* _Problem details_
Retyping the entire listing exactly is the task.

* _Data records_
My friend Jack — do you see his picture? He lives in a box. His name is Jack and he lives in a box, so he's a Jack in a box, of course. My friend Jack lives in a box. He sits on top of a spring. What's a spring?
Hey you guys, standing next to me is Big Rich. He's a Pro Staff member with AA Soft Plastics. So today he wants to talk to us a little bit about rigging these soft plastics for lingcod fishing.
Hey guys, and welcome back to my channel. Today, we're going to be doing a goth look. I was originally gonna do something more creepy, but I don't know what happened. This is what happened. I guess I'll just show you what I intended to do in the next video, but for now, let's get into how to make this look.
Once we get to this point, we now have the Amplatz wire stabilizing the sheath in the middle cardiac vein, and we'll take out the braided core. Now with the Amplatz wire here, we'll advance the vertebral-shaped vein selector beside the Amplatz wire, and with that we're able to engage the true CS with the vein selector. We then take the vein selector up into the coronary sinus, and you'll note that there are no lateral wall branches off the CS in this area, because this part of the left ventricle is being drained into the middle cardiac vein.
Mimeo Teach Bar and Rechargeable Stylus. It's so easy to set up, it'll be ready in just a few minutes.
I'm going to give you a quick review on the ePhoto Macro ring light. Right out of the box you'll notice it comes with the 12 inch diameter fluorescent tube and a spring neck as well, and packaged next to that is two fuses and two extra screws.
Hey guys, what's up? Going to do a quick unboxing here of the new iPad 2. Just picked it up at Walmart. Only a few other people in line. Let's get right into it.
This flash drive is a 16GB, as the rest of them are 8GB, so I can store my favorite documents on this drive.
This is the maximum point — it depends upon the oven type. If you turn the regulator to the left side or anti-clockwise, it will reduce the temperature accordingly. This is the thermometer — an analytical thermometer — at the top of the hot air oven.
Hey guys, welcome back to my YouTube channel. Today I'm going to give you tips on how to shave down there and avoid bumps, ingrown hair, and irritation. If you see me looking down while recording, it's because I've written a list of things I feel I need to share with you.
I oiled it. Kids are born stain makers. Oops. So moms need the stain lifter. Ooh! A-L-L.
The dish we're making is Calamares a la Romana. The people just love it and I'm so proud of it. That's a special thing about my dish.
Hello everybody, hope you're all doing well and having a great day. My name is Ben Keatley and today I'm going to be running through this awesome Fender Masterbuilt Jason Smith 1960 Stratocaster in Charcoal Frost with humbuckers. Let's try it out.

* _Completed task_
My friend Jack — do you see his picture? He lives in a box. His name is Jack and he lives in a box, so he's a Jack in a box, of course. My friend Jack lives in a box. He sits on top of a spring. What's a spring?
Hey you guys, standing next to me is Big Rich. He's a Pro Staff member with AA Soft Plastics. So today he wants to talk to us a little bit about rigging these soft plastics for lingcod fishing.
Hey guys, and welcome back to my channel. Today, we're going to be doing a goth look. I was originally gonna do something more creepy, but I don't know what happened. This is what happened. I guess I'll just show you what I intended to do in the next video, but for now, let's get into how to make this look.
Once we get to this point, we now have the Amplatz wire stabilizing the sheath in the middle cardiac vein, and we'll take out the braided core. Now with the Amplatz wire here, we'll advance the vertebral-shaped vein selector beside the Amplatz wire, and with that we're able to engage the true CS with the vein selector. We then take the vein selector up into the coronary sinus, and you'll note that there are no lateral wall branches off the CS in this area, because this part of the left ventricle is being drained into the middle cardiac vein.
Mimeo Teach Bar and Rechargeable Stylus. It's so easy to set up, it'll be ready in just a few minutes.
I'm going to give you a quick review on the ePhoto Macro ring light. Right out of the box you'll notice it comes with the 12 inch diameter fluorescent tube and a spring neck as well, and packaged next to that is two fuses and two extra screws.
Hey guys, what's up? Going to do a quick unboxing here of the new iPad 2. Just picked it up at Walmart. Only a few other people in line. Let's get right into it.
This flash drive is a 16GB, as the rest of them are 8GB, so I can store my favorite documents on this drive.
This is the maximum point — it depends upon the oven type. If you turn the regulator to the left side or anti-clockwise, it will reduce the temperature accordingly. This is the thermometer — an analytical thermometer — at the top of the hot air oven.
Hey guys, welcome back to my YouTube channel. Today I'm going to give you tips on how to shave down there and avoid bumps, ingrown hair, and irritation. If you see me looking down while recording, it's because I've written a list of things I feel I need to share with you.
I oiled it. Kids are born stain makers. Oops. So moms need the stain lifter. Ooh! A-L-L.
The dish we're making is Calamares a la Romana. The people just love it and I'm so proud of it. That's a special thing about my dish.
Hello everybody, hope you're all doing well and having a great day. My name is Ben Keatley and today I'm going to be running through this awesome Fender Masterbuilt Jason Smith 1960 Stratocaster in Charcoal Frost with humbuckers. Let's try it out.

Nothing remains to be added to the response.